What to do: Would you return the data exactly as given, except for its pictures?

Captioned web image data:
----

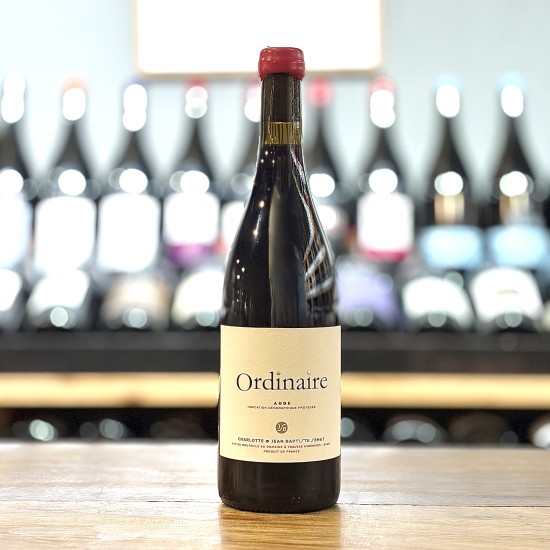 Ordinaire <span> 2024 </span> J.B et Charlotte Sénat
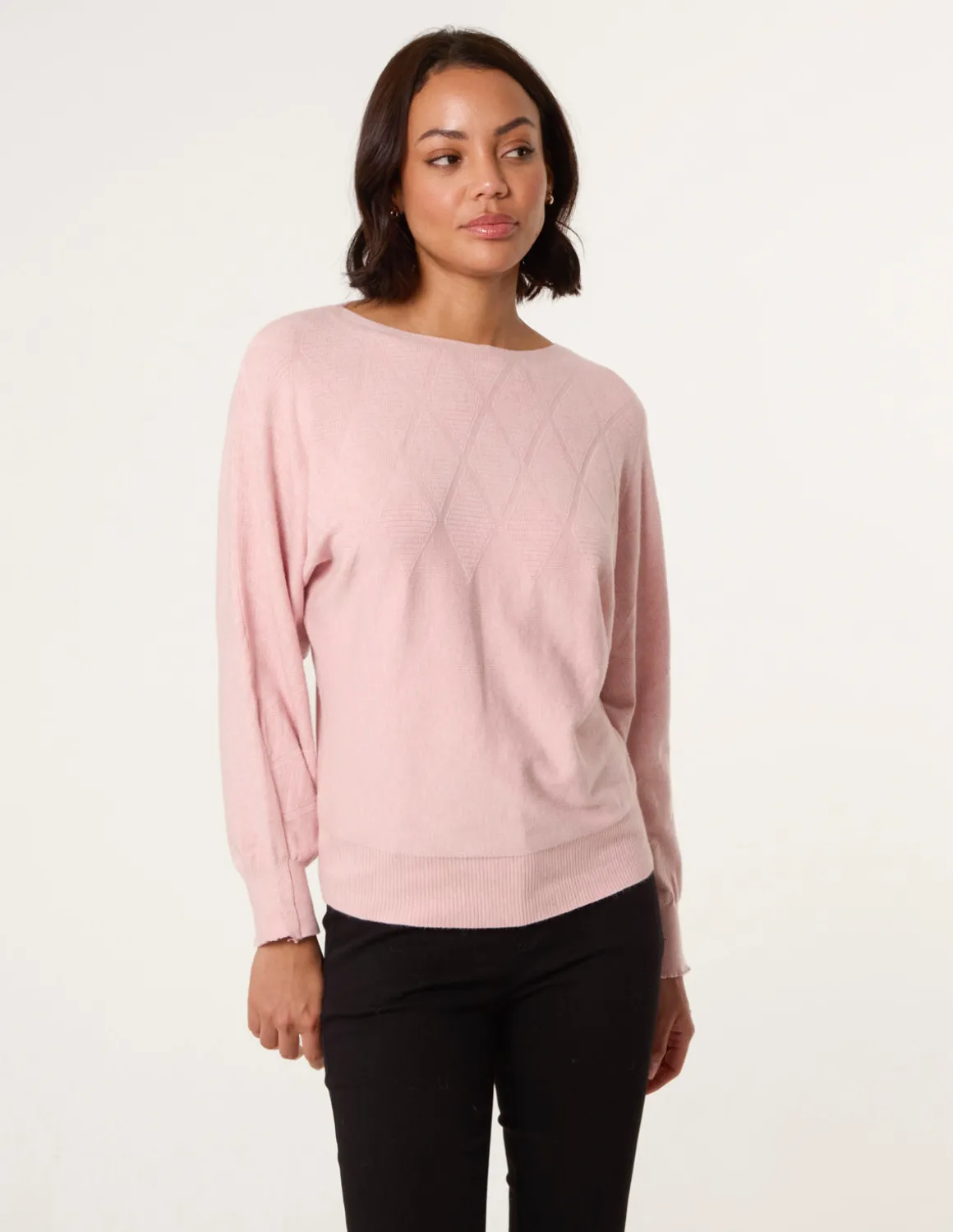 Patterned Jumper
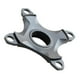 thumbnail image 4 of Adaptador de de plato de bicicleta eléctrica 104BCD, adaptador de de rueda dentada, Base de conversión, accesorios de repuesto para Cola Adaptador de plato, 4 of 8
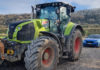 Supprimer l’Adblue sur Claas Axion moteur FPT (modèle 830) + Stage 1 Supprimer l'Adblue sur Claas Axion moteur FPT (modèle 830) + Stage 1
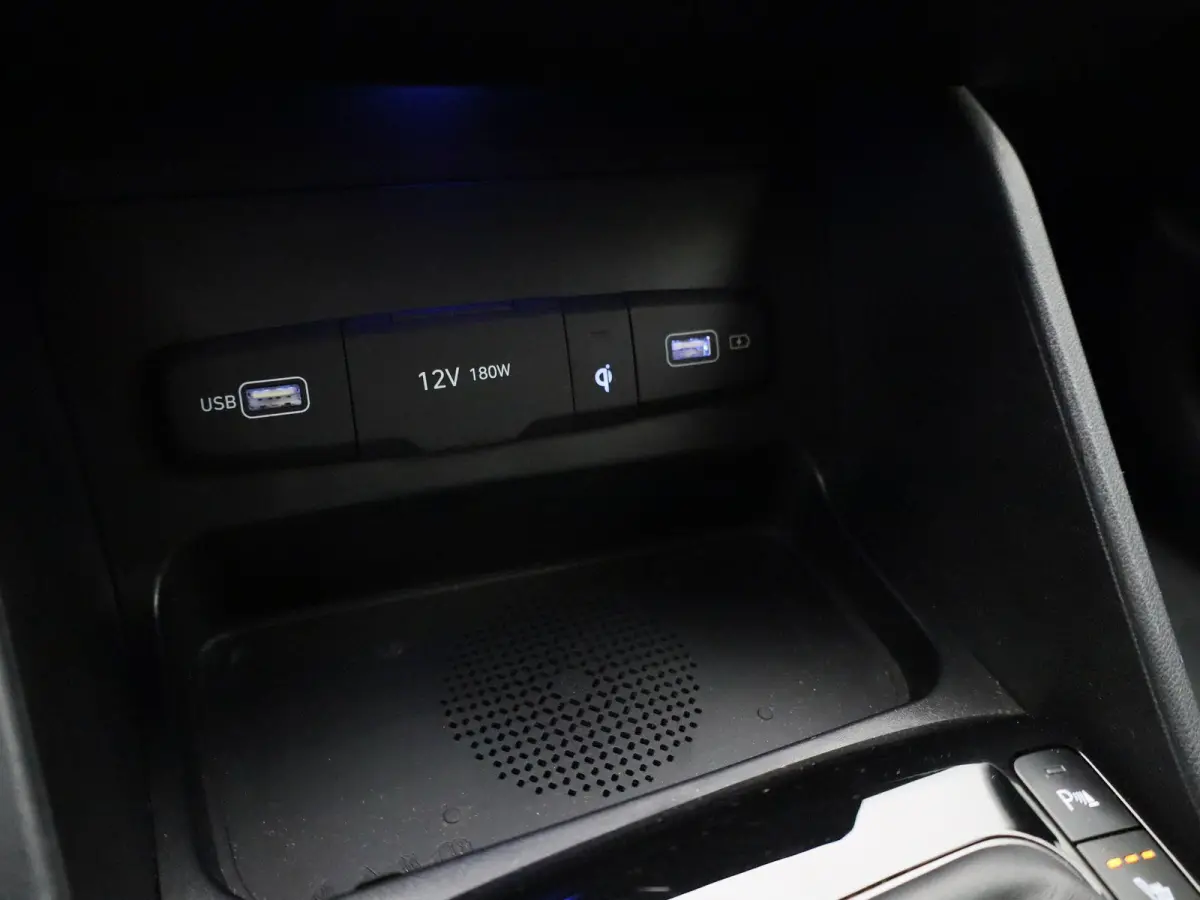 1.6 T-GDI MHEV N Line | APPLE CARPLAY - ANDROID AUTO | STOELVERWARMING + STUURWIEL VERWARMING | ACHTERUIRIJCAMERA | CRUISE CONTROL | STOELVERKOELING | AUTOMATISCHE ACHTERKLEP |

----

Reply:
 Ordinaire <span> 2024 </span> J.B et Charlotte Sénat
 Patterned Jumper
 thumbnail image 4 of Adaptador de de plato de bicicleta eléctrica 104BCD, adaptador de de rueda dentada, Base de conversión, accesorios de repuesto para Cola Adaptador de plato, 4 of 8
 Supprimer l’Adblue sur Claas Axion moteur FPT (modèle 830) + Stage 1 Supprimer l'Adblue sur Claas Axion moteur FPT (modèle 830) + Stage 1
 1.6 T-GDI MHEV N Line | APPLE CARPLAY - ANDROID AUTO | STOELVERWARMING + STUURWIEL VERWARMING | ACHTERUIRIJCAMERA | CRUISE CONTROL | STOELVERKOELING | AUTOMATISCHE ACHTERKLEP |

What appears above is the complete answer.